The mounting bad news has brought back painful memories of the bursting of the telecom bubble and spurred me to ask if there are any lessons learned from that experience that could be helpful to Washington policymakers.
As an industry analyst, I followed the bubble burst in great detail. I tracked the deterioration of Tier 1 carrier bond ratings, the unprecedented explosion in carrier bankruptcies, the loss of some 1 million industry jobs, and the 50 percent decline in annual wireline capital spending by carriers worldwide between 2000 and 2003. I counted more than 165 operators that defaulted on $220+ billion worth of debt between May 2000 and July 2002. My employer at the time went through 10 major job cuts, and 70+ percent of our workers were dropped from the payroll.
Despite the impact of all of this turmoil on the lives of millions of industry workers, family members, and investors, I never once heard talk of a federal government bailout or potential nationalization of a single carrier or telecom equipment provider. Everyone understood that the route to industry recovery – no matter how painful it might be – would involve working through the bankruptcy and restructuring process and ultimately adopting better business practices.

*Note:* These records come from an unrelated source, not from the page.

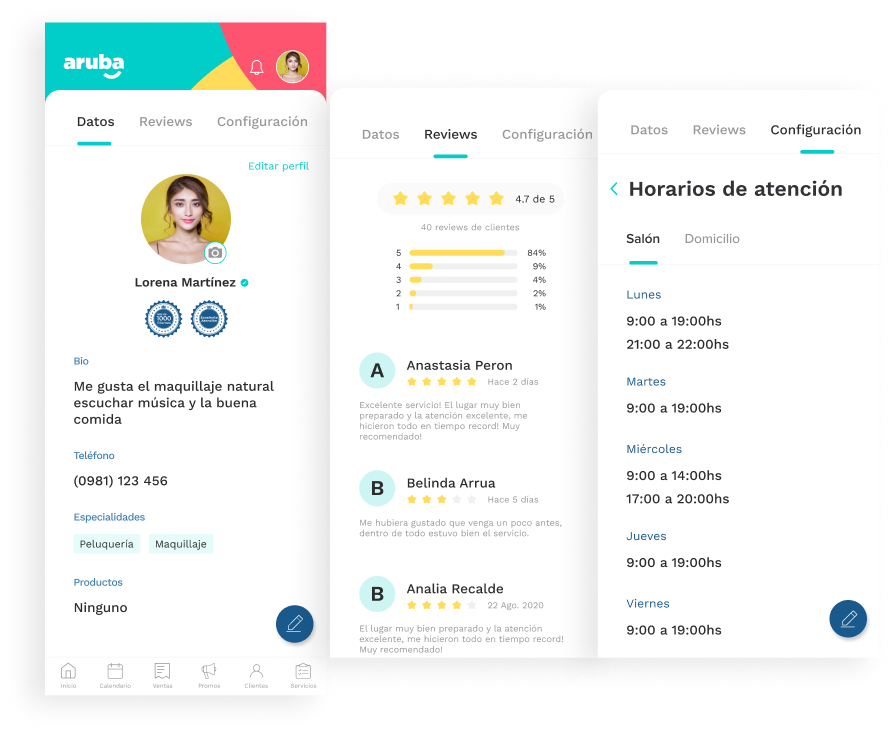 Profile page of the app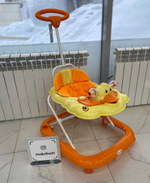Ходунки SBL 5301 T1 (Teddy Bear), оранжевый (силиконовые колеса)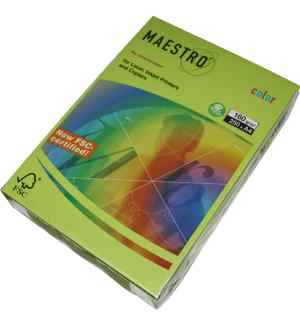 Папір кольоровий Maestro Color Intensive А4, 160 г/м2, зелений(lime green) LG46, 250 арк. - фото 1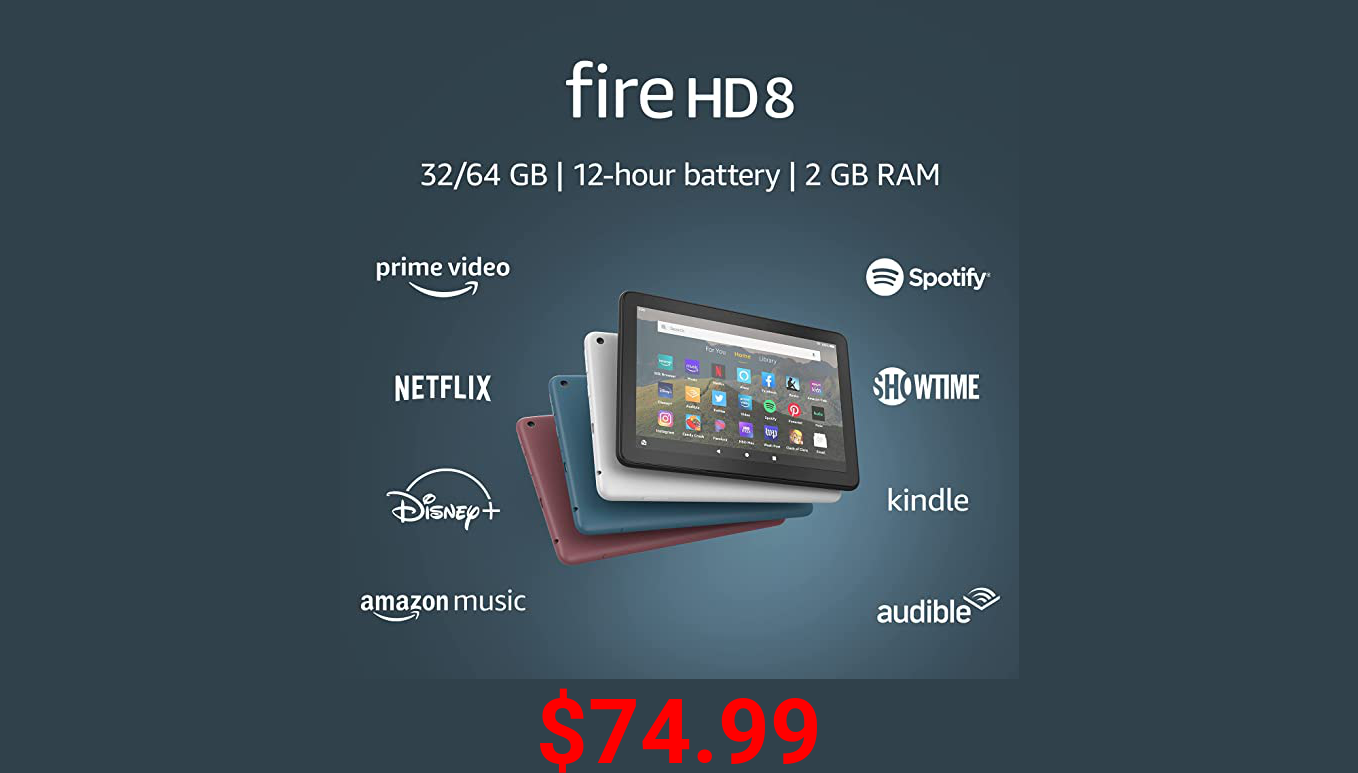 Fire HD 8 tablet, 8" HD display, 64 GB, latest model (2020 release), designed for portable entertainment, Black
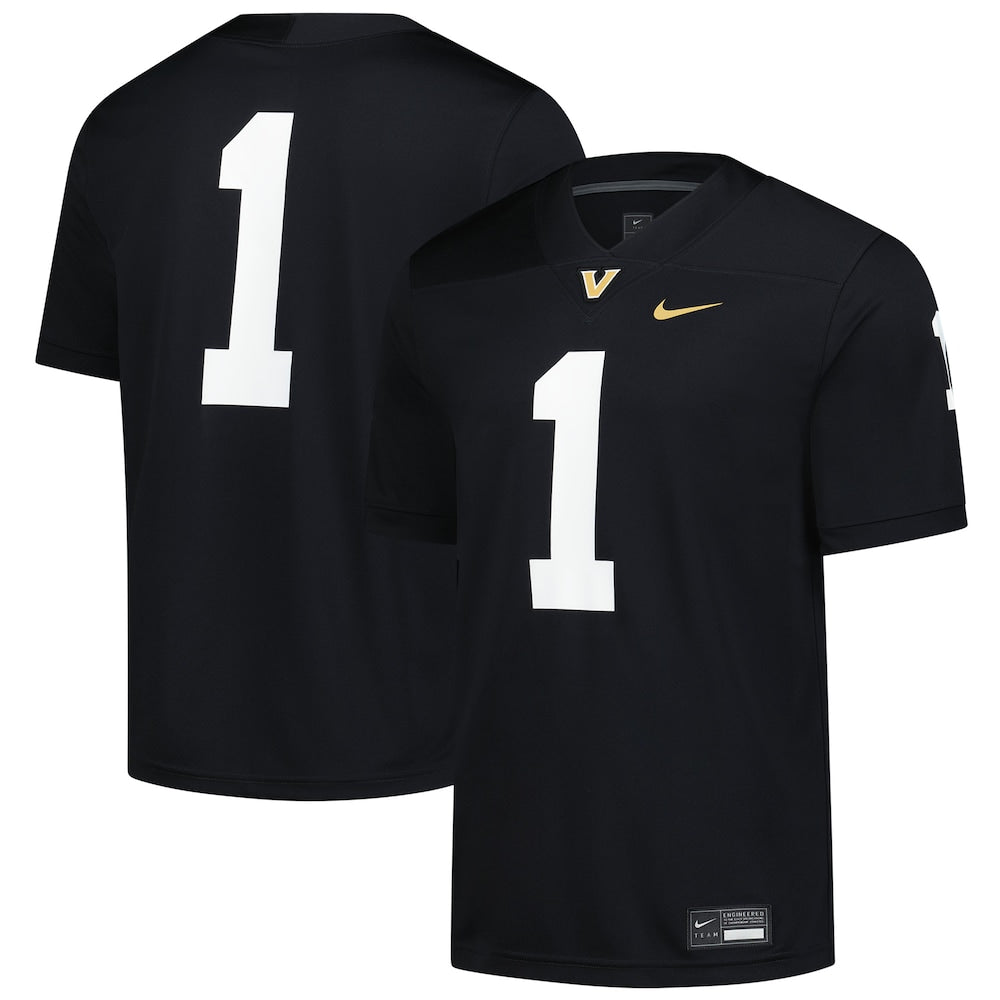 Vanderbilt Commodores #1 Replica Game Untouchable Black Football Jersey product image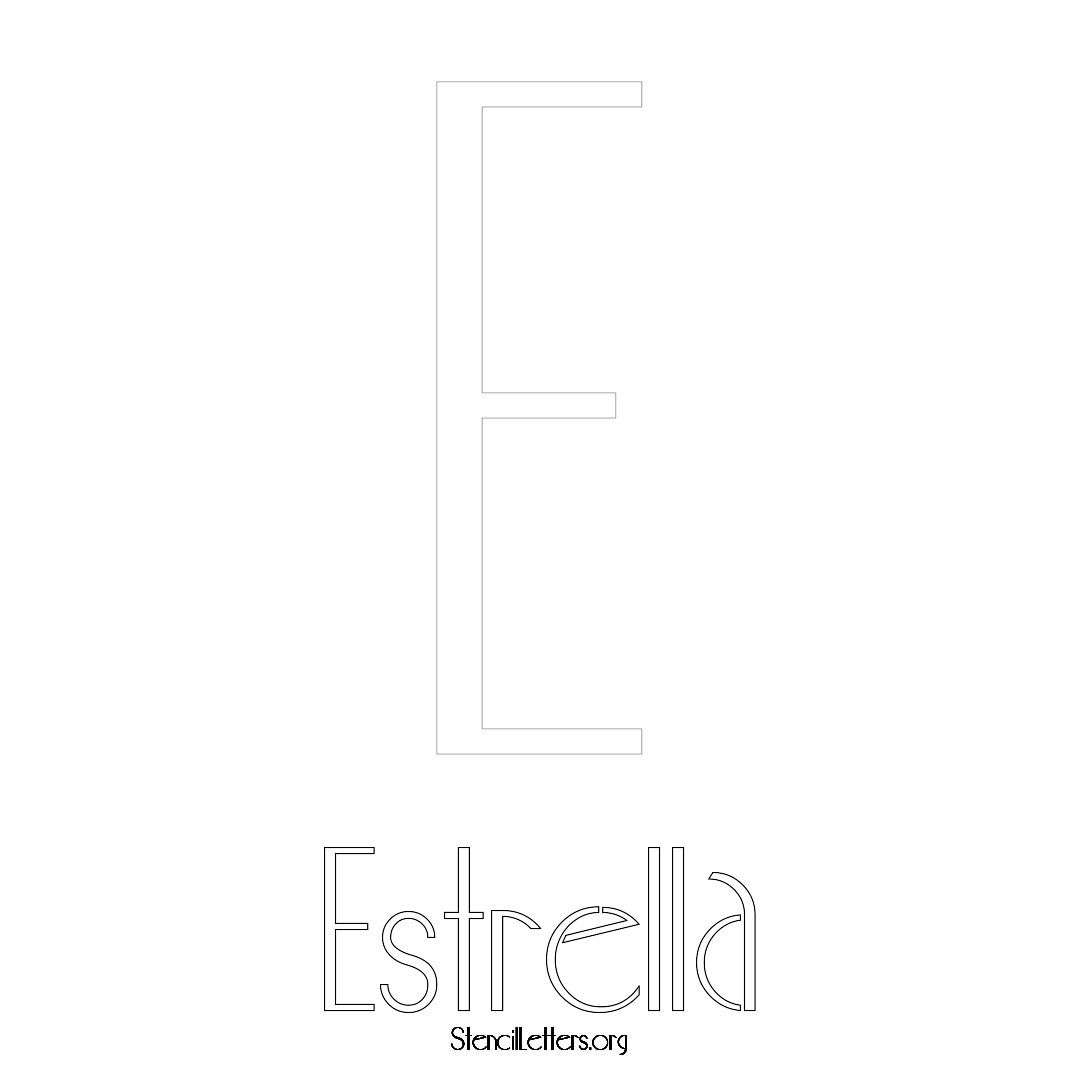 Estrella printable name initial stencil in Art Deco Lettering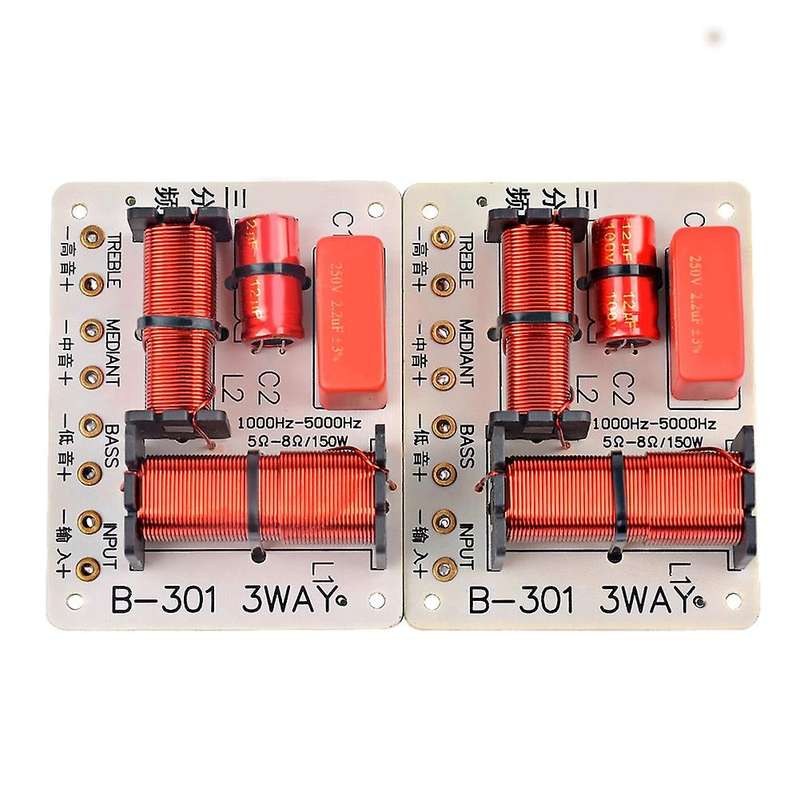 2pcs 150w 3way Audio Speaker Crossover Treble+midrange+bass Crossover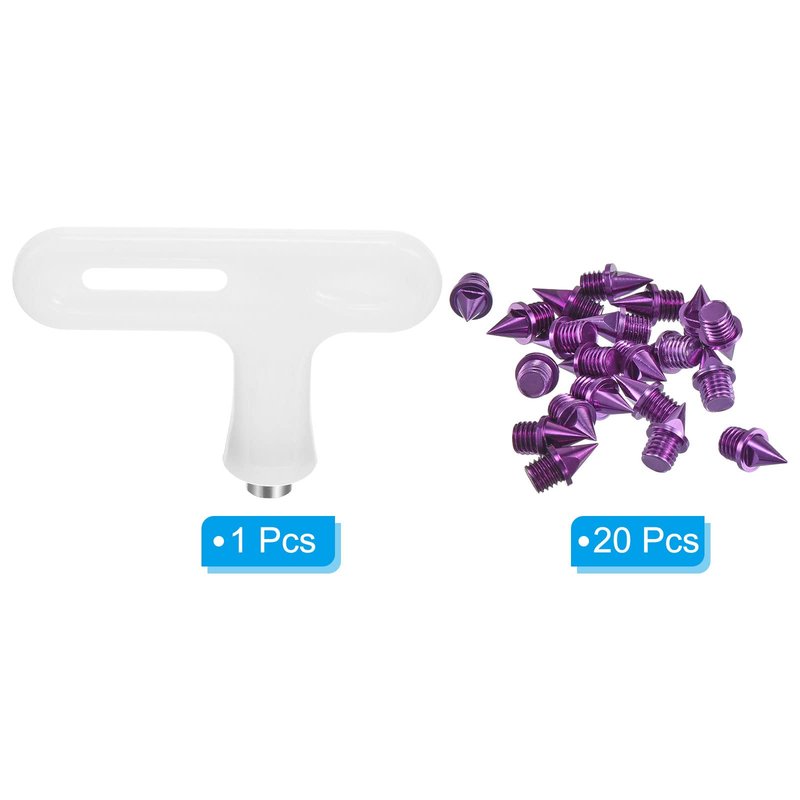 PATIKIL 1/4 Inch Carbon Steel Track Spikes, 20 Pack Sports Shoes Spikes Replacement Accessories with Spike Wrench for Long Jumping Running, Purple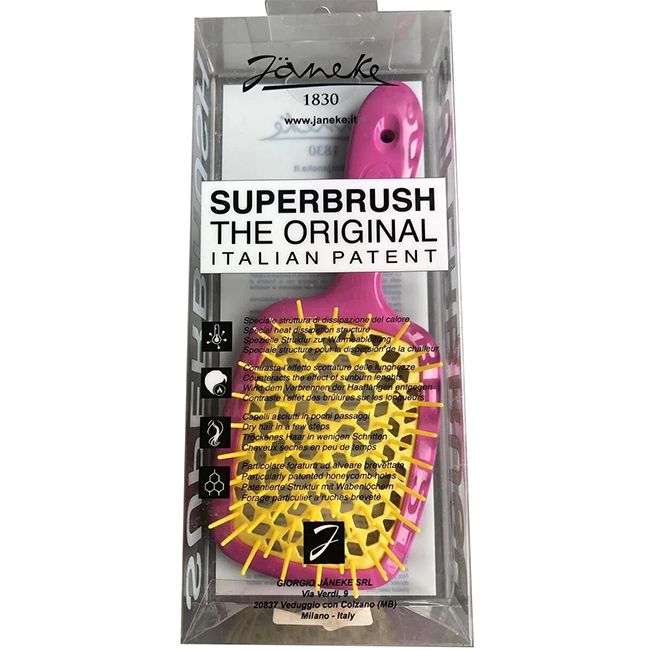 Гребінець для волосся Janeke 1830 Superbrush The Original Italian Pink Yellow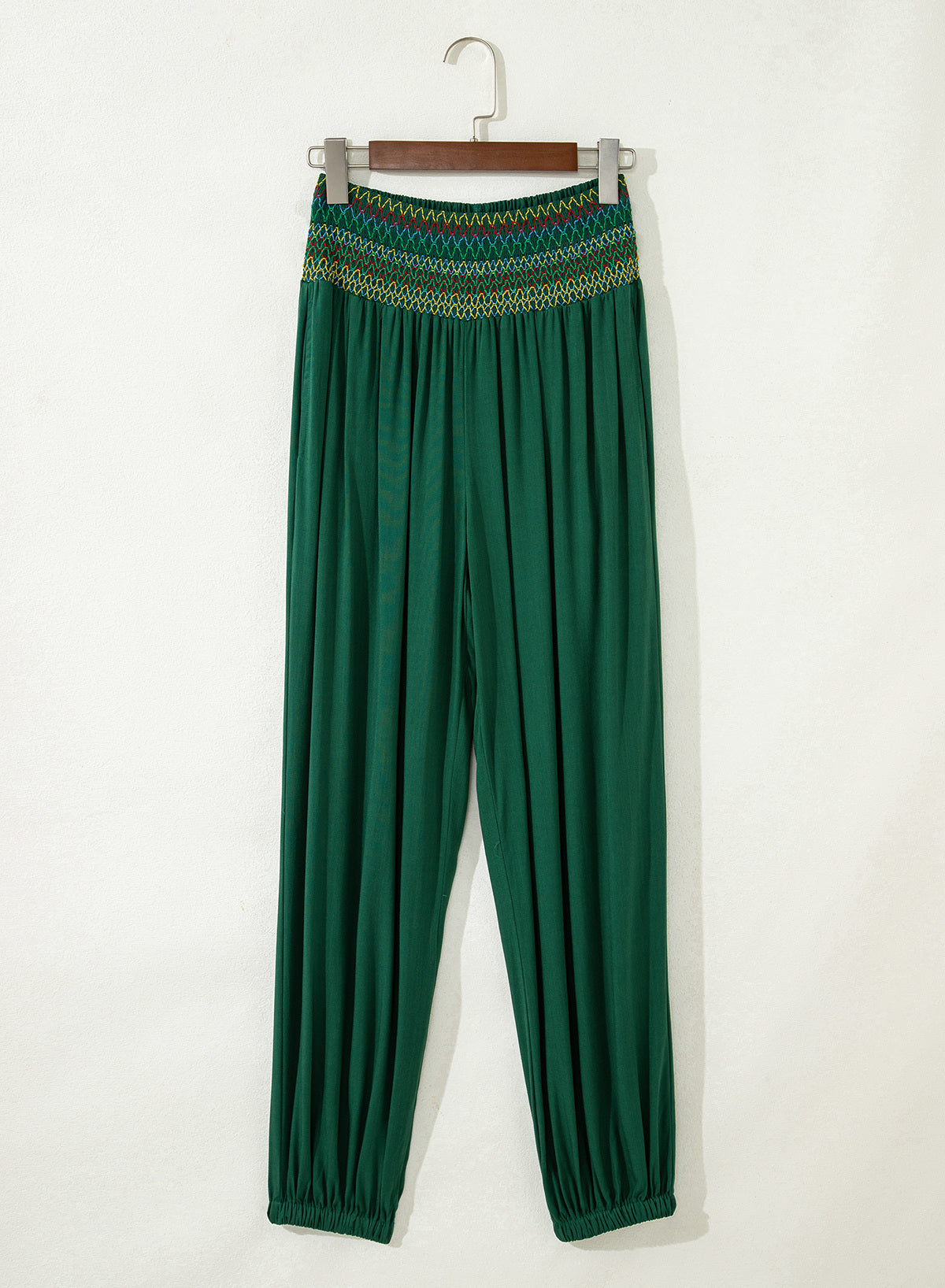 Dokotoo Beach Pants Women Smocked Waist Harem Boho Flowy Pants with Pockets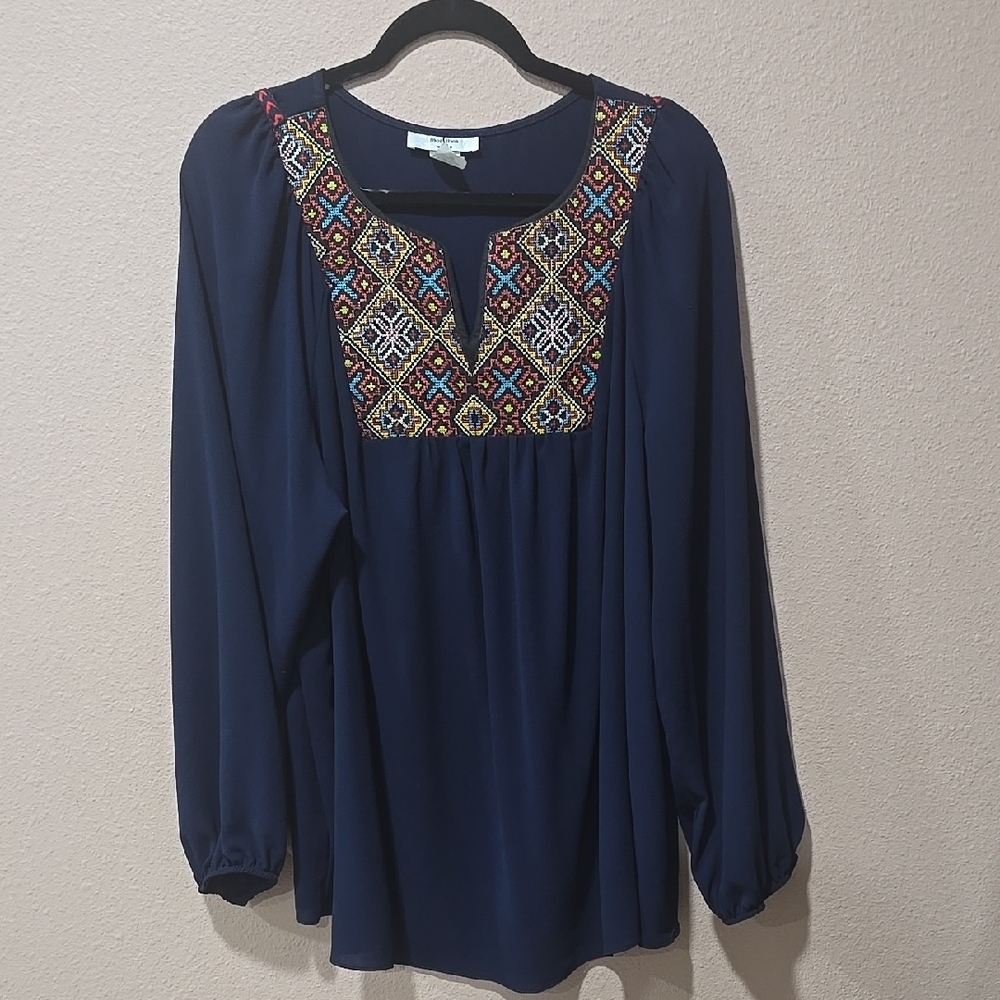 Embroidered Navy Blue Women's Top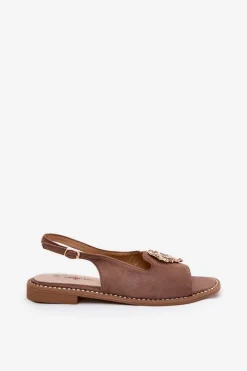 Damskie buty S.Barski Sandały Płaskie*Sandały Damskie Z Ozdobnym Sercem S.Barski KV27-018 Ciemnobeżowe Beżowy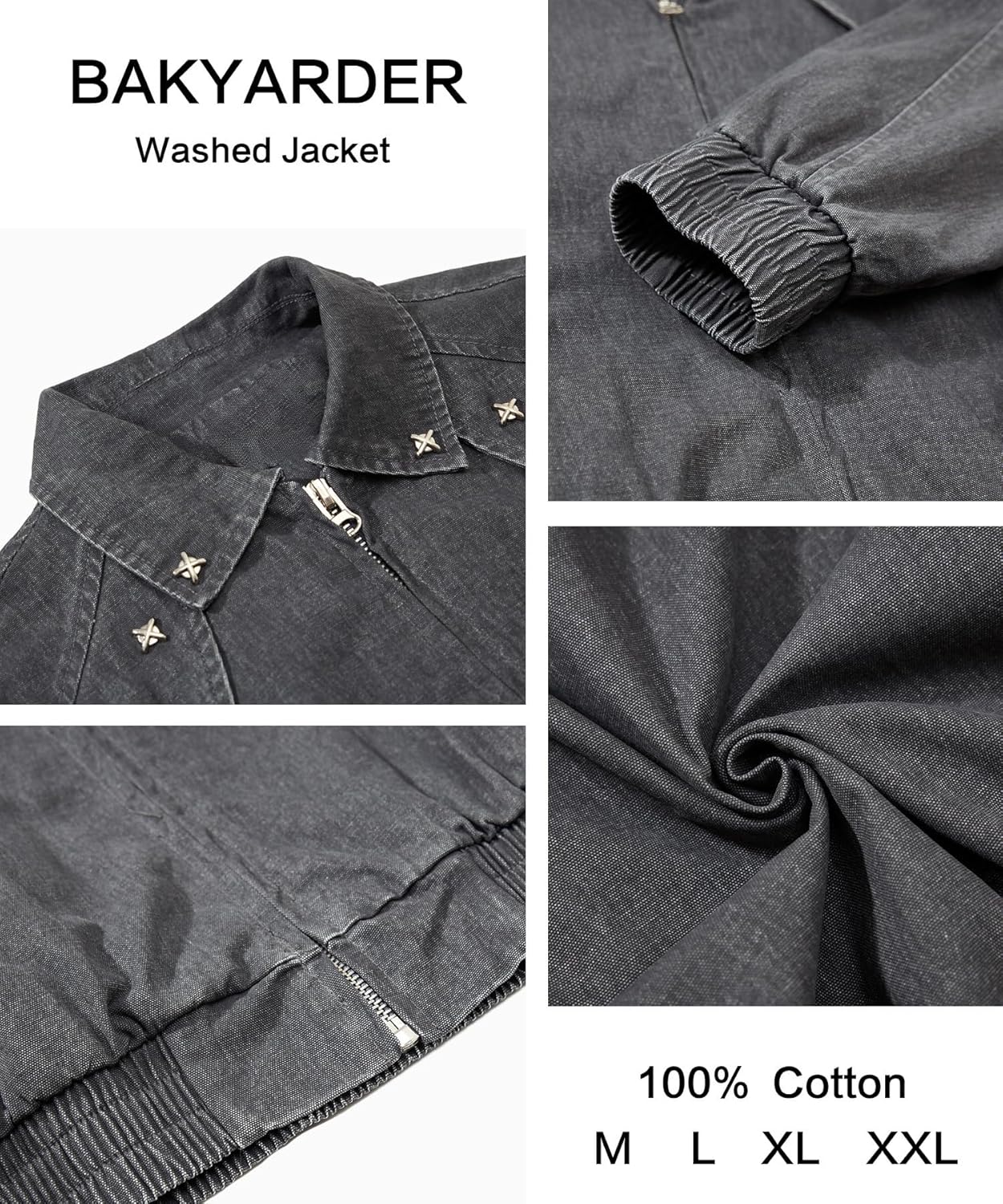 Bakyarder Unisex Vintage Deconstructed Workwear Jacket Collared Bomber Coat with Metal Rivet Details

The telecom industry that has emerged from the bursting of the bubble is one of the most competitive, vibrant, and healthy parts of the global economy today. Our industry provides the digital fuel that drives innovation and productivity up and down the economy, and it touches every life like never before.
Our industry recovered with greater stability, not because the White House and Congress decided to pick the winners and losers. We recovered not because we saddled future generations with debt so that the government could throw tens of billions of dollars our way to help us get back on our feet.
We recovered in a healthier position because Washington kept its hands off private assets and limited its role to establishing and enforcing the rules under which everyone would operate. We recovered because we collectively had the courage to let free-market principles play out.
— Stan Hubbard, Senior Analyst, Heavy Reading
A nationalized company is not normally operated "by" the government. A government agency (treasury) decides who's in charge. It could be a receiver, or it could be a creditors' committee, or a debtor, or they could leave management in place subject to court supervision.
So that's why I'm trying to figure out: What exactly was Stan's objection?
Because bank nationalization has strongly resembled bankruptcy (+ recapitalization) in the past (esp in Sweden).